Per Ada Anselmi l’esperienza del presente/attesa si manifesta nella relazione con il luogo naturale attorno alla sua casa di campagna. In Piantè l’autrice pone in atto senza quasi accorgersene una osservazione delicata della natura e degli spazi personali che, a causa di un evento imprevisto, vengono visitati in una dimensione più acuta e riflessiva rispetto alla “normalità”, come fossero amplificati dal passare di un tempo vissuto in una condizione inerte ma non passiva. L’andamento narrativo del lavoro mostra con evidenza le direttrici temporali di cui abbiamo parlato. Un primo livello interpretativo, più evidente, si focalizza sul ciclo naturale delle stagioni, il tempo chronos si srotola liscio e abitudinario quanto può esserlo il susseguirsi degli eventi atmosferici legati a ciascun periodo dell’anno. All’interno di questo tempo, che procede secondo una propria abitudinaria lunghezza, si innesca la qualità dell’osservazione – il tempo kairos – che ci costringe a notare una sfumatura interpretativa diversa, legata all’accadere che l’autrice ritrae nelle sue immagini: movimenti impercettibili di quel cambiamento che non appare se non successivamente, come emergendo da un passato tanto prossimo quanto remoto. Questo livello visivo, se vissuto in assenza di pensiero sovrastrutturale, declina in un ulteriore passaggio legato al senso di infinito – il tempo aion – dove scompare ogni possibilità di appiglio descrittivo che possa ricondurci alla superficie, situando il nostro sguardo in quel fiume profondo che è il passato. Tutto ciò accade in un periodo preciso, con un inizio e una fine – il tempo eniautos – che diviene circolare, autorigenerante.

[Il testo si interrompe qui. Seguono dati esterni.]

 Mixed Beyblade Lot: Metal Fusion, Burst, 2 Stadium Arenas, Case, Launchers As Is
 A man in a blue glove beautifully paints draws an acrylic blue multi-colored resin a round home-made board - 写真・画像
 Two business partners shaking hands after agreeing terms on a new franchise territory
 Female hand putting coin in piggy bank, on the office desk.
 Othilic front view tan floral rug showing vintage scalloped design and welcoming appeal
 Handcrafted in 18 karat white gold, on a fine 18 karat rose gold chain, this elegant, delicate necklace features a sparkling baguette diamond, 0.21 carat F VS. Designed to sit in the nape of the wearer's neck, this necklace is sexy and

© Ada Anselmi, Pianté. Courtesy dell’autrice.

© Cristina Cusani, Quando la neve 04, Napoli 2020. Courtesy Red Lab Gallery e autrice.

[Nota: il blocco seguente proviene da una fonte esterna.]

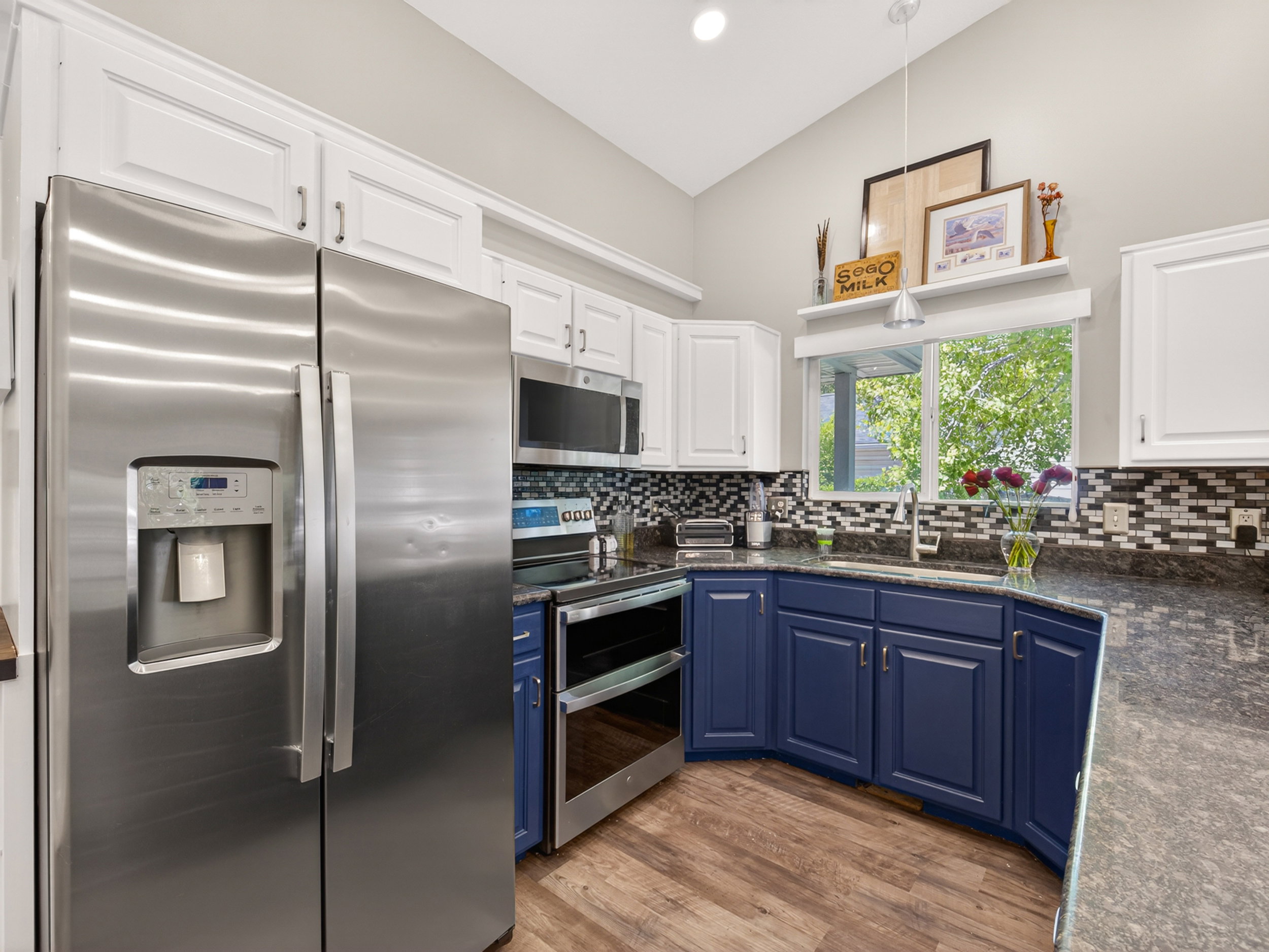 Kitchen featuring a vaulted ceiling with pendant lighting, wood-finish flooring, stainless steel appliances, two-tone cabinetry, and a mosaic tile backsplash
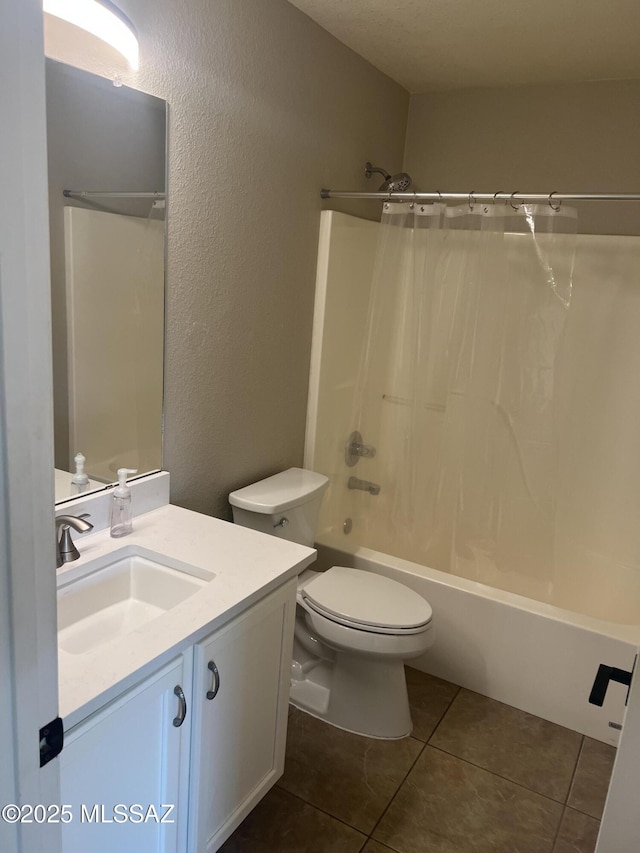 full bathroom featuring toilet, vanity, tile patterned floors, and shower / bath combo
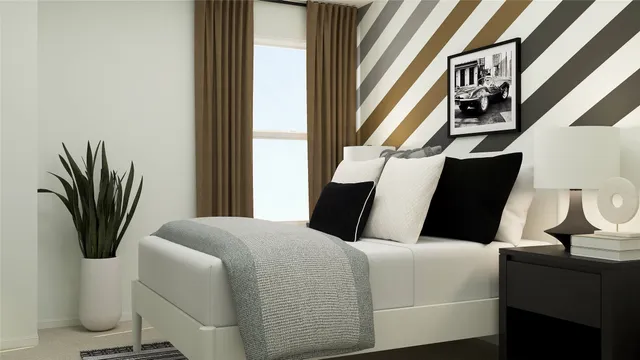 a bedroom with bed and window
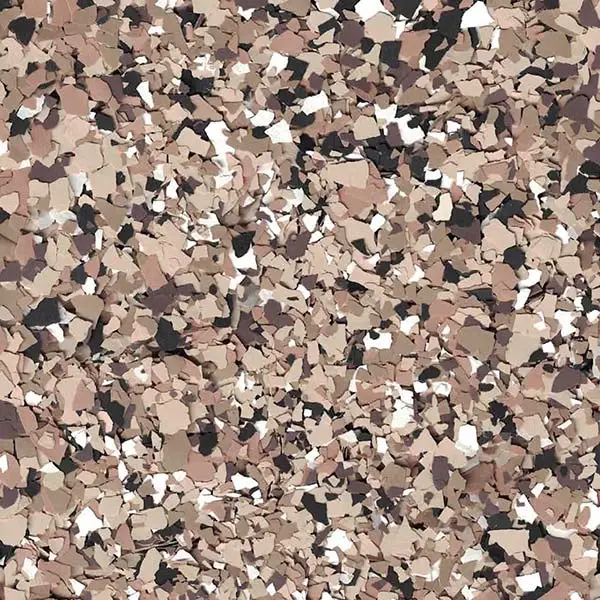 The image shows a speckled surface with an abstract pattern of beige, black, and white fragments, resembling a camouflaged design.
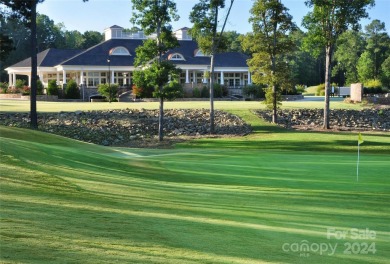 This exceptional waterfront property on Lake Tillery offers on The Tillery Tradition Country Club in North Carolina - for sale on GolfHomes.com, golf home, golf lot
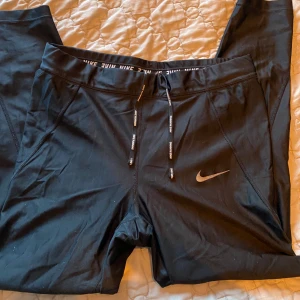 Träningstights nike - Nike träningstights- lite glansiga i materialet  Dras ihop med snörning Storlek M Använda ca 5ggr Nypris 699kr Rök och djurfritt hem!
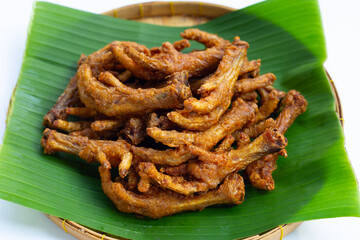 Fried chicken feet in bamboo basket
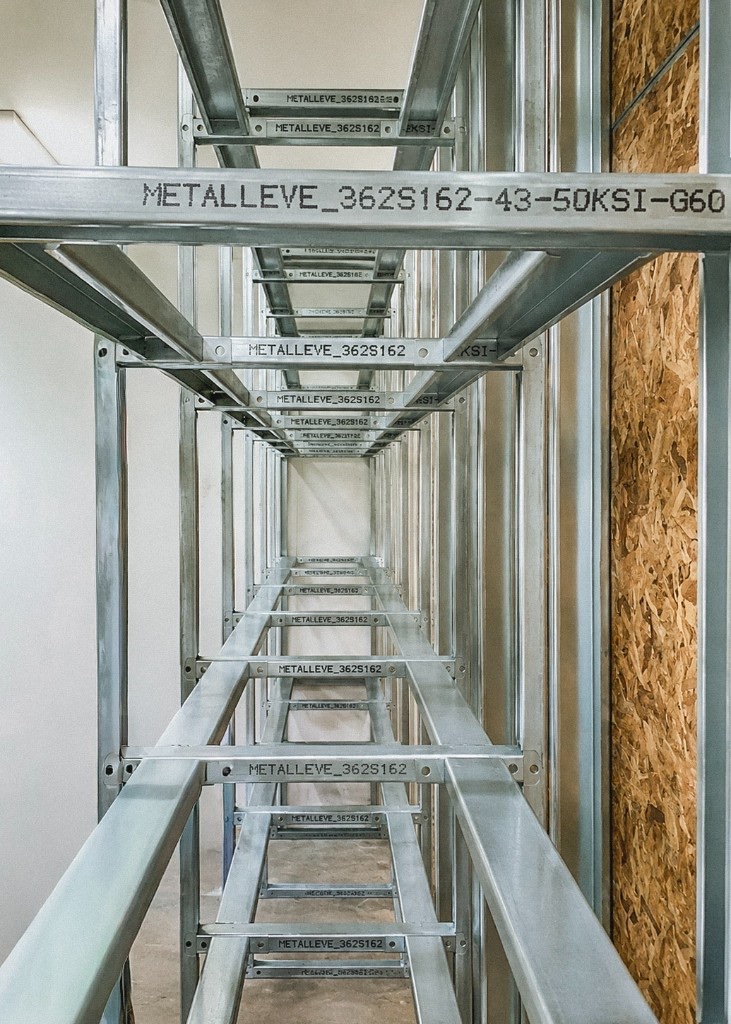 Cold-formed steel wall panel showing track, vertical studs, header, and jamb studs around a window opening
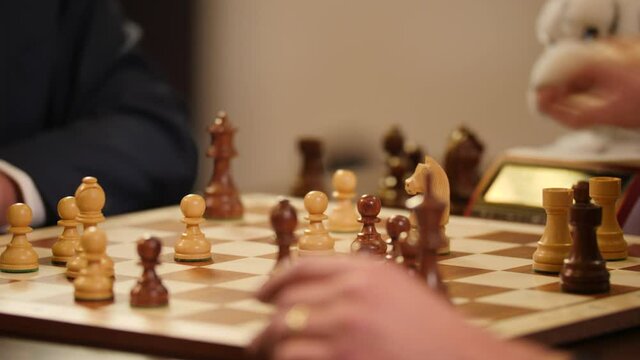 Closeup of a chessboard while  businessmen playing speed chess on it.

Analogamente Cristina Cusani in Quando la neve affronta un percorso simile che si innesta su una narrazione differente, generata anche in questo caso da un evento non previsto. Qui non solo vediamo la declinazione dei quattro flussi del tempo ma troviamo anche l’intrecciarsi di immagini eteree, come fossero frutto di un mondo invisibile, a immagini reali che appartengono alla verità della vita. Qualsiasi arte ha l’obbligo di trasportare lo spettatore oltre il limite del visibile, dei colori, delle parole in altri termini di ciò che è percepibile sensibilmente. Lo scopo dell’arte è quello di condurre chi la fruisce in una determinata realtà non rappresentata ma espressa per ciò che è: l’opera deve essere se stessa e non il simbolo di qualcosa. In questo senso le immagini di Cristina Cusani qui presentate pongono l’osservatore faccia a faccia con “lei”, l’opera, che si denuda di ogni orpello interpretativo o sovrastruttura di pensiero simbolico per essere semplicemente ciò che è: una traccia lieve e al contempo profonda della verità. Ritroviamo anche qui l’intrecciarsi del tempo chronos, liscio e lineare nel suo trascorrere abitudinario, con il tempo aion eterno, assoluto e immobile ma nel quale alberga la forza vitale, quella forza che si manifesta nonostante tutto, che esiste per se stessa. Le immagini del lavoro di Cusani ci mostrano quella superficie del fiume calmo che vediamo scorre sotto i nostri occhi ma della cui anima profonda non ci rendiamo conto e quando accade l’inaspettato, e soltanto allora, capiamo la reale dimensione di ciò che è cambiato, di ciò che è accaduto. Capiamo che il nostro ‘qui e ora’ è stato affidato alla profondità del passato rendendoci pronti ad affrontare un’altra parte di vita.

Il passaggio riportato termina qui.